(Beginning of INPUT DATA)

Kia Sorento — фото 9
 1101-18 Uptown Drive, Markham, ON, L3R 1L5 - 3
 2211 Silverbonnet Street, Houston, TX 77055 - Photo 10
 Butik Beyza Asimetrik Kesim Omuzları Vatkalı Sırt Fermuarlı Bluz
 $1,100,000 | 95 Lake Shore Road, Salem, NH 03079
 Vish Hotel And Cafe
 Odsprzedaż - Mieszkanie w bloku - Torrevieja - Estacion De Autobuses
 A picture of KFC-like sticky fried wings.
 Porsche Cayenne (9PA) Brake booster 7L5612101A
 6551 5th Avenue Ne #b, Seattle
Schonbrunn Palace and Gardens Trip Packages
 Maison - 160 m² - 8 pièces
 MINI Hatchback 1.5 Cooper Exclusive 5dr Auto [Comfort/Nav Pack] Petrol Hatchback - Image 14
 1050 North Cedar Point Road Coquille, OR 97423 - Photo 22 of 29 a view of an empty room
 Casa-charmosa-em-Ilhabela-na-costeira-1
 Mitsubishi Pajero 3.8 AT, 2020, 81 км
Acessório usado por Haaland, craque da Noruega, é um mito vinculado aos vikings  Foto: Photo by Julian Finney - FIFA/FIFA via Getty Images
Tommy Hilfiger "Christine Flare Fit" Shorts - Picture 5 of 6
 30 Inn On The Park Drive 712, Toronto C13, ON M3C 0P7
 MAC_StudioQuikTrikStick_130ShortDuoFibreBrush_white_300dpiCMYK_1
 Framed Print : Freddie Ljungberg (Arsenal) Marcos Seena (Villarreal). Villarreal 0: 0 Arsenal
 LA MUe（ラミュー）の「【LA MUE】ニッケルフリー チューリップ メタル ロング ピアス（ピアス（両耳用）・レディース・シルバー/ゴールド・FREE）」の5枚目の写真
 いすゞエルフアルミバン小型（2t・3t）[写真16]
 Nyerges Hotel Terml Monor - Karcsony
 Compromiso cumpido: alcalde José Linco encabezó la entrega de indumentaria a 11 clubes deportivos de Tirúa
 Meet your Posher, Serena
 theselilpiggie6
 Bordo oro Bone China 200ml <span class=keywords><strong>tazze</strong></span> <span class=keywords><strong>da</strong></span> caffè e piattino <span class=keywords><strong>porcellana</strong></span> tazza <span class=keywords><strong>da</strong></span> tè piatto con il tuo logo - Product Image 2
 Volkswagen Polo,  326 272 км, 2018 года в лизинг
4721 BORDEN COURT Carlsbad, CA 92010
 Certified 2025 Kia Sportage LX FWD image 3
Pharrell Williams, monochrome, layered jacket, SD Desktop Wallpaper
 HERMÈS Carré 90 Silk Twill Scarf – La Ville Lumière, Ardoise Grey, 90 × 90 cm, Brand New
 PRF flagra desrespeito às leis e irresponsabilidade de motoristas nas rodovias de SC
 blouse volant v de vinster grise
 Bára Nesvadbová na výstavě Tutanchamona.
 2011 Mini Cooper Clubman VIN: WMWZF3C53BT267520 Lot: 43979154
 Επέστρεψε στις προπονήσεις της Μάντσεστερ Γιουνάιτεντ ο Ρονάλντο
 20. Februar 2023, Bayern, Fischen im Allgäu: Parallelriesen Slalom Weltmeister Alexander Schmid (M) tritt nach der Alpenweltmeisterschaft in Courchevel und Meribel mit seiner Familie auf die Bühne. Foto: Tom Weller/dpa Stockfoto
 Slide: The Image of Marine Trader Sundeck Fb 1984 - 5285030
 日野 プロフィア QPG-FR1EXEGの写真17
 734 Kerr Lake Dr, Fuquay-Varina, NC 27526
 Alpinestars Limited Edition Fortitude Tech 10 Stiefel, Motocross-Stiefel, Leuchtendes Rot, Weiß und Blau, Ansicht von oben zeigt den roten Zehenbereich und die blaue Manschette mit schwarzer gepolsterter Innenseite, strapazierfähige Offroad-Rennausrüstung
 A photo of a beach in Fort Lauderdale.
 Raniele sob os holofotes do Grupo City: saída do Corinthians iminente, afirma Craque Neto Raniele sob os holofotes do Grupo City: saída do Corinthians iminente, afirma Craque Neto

(End of INPUT DATA)

Take every line above that includes the string "Hotel" and return it.

**RESULT FOR THIS TASK**
 Vish Hotel And Cafe
 Nyerges Hotel Terml Monor - Karcsony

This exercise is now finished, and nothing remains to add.